Supplied records below:
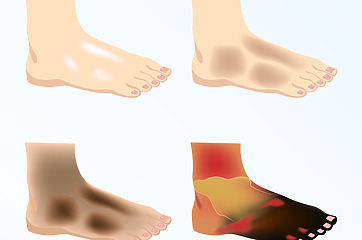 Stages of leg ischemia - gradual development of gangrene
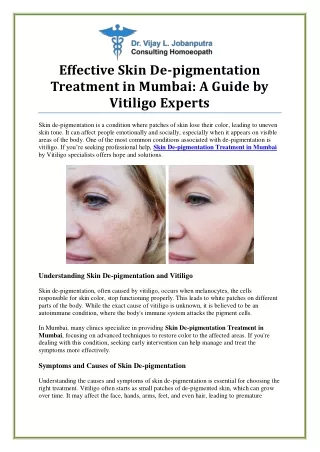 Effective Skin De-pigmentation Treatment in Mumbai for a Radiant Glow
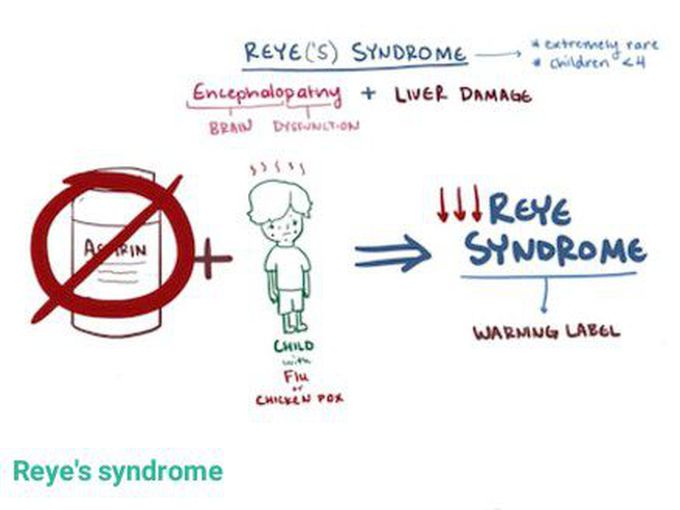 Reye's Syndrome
End of Supplied records.
Supplied records below:
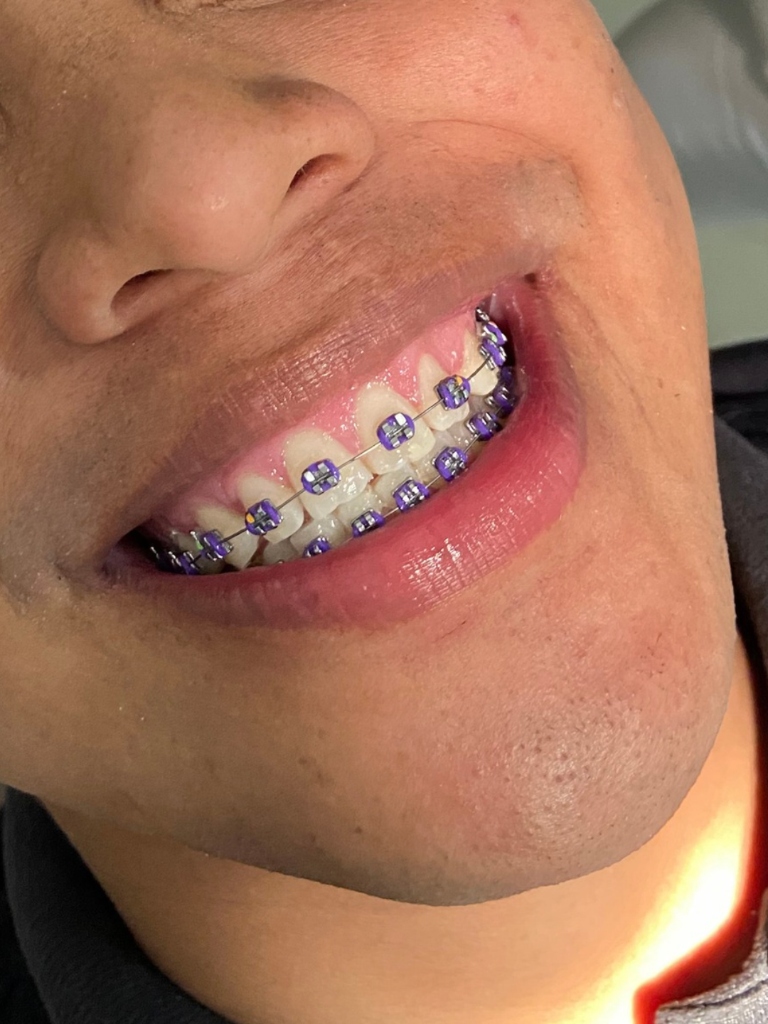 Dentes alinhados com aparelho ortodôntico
End of Supplied records.
Exercise aim: Output should consist of the lines above from the one with "Effective Skin De-pigmentation" down to the one with "Reye's Syndrome", exact and without pictures.

Output:
 Effective Skin De-pigmentation Treatment in Mumbai for a Radiant Glow
 Reye's Syndrome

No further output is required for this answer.